MDA has also been a catalytic force in research by fostering better communication within the research community. This role is fulfilled in many ways. At frequent intervals, MDA sponsors major symposia reviewing research progress in different diseases. These bring together basic scientists and clinicians from around the world to share new results and ideas, typically in settings which promote candid, constructive exchanges of information. (It was an exciting, MDA-sponsored, two-day conference on cell therapy in muscle in 1989 that provided the basis for our initial work on myoblast implantation.)

MDA has also provided major funding for international symposia on muscle disorders. At one of these, in Munich in 1990, we established a collaboration with another laboratory that led to developing new genetic markers on chromosome 21 around the area of the ALS gene.

MDA has also helped enormously by holding frequent, small workshops for specific groups of investigators studying individual diseases. Through a series of these workshops, our ALS group has been able regularly to review our combined data and to plan new lines of experiments.

For those of us who see neuromuscular patients and struggle to understand and ultimately treat their disorders, MDA is invaluable. Its patient services are the cornerstone of our clinical activities. Its commitment to research is incandescent.

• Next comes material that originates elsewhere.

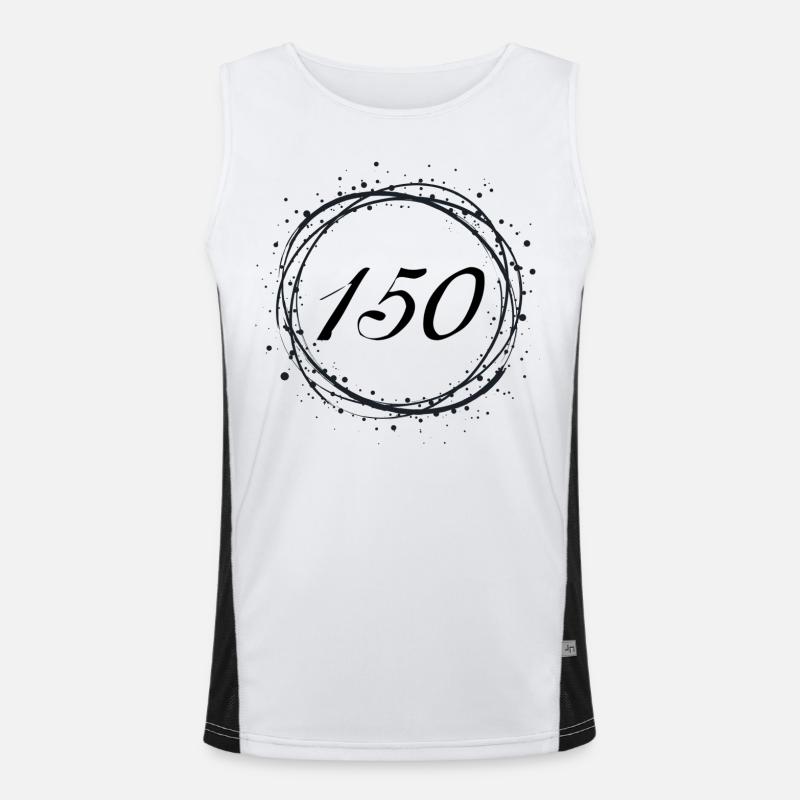 150 - Men's Functional Contrast Tank Top  - white/black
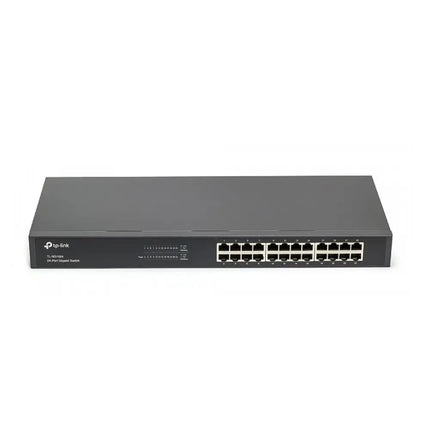 Front view of the TP-Link TL-SG1024 24-port Gigabit unmanaged switch, displaying the 24 10/100/1000Mbps RJ45 ports and LED status indicator panel.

Ten years ago, we didn't know the primary cause of any of the MDA diseases. For the majority of them, the cause is now identified. There is no doubt that the next 10 years will witness equally exhilarating progress and that, in all likelihood, the MDA research program will produce entirely new, effective forms of treatment for many of these disorders.

Dr. Robert H. Brown Jr. is an associate professor of neurology at Harvard University Medical School in Boston. He co-directs the MDA clinic at Massachusetts General Hospital and directs the MDA /ALS Center at that institution. He's a long-time MDA research grantee in ALS, Duchenne dystrophy and other neuromuscular disorders, and serves on MDA's Medical Advisory Committee.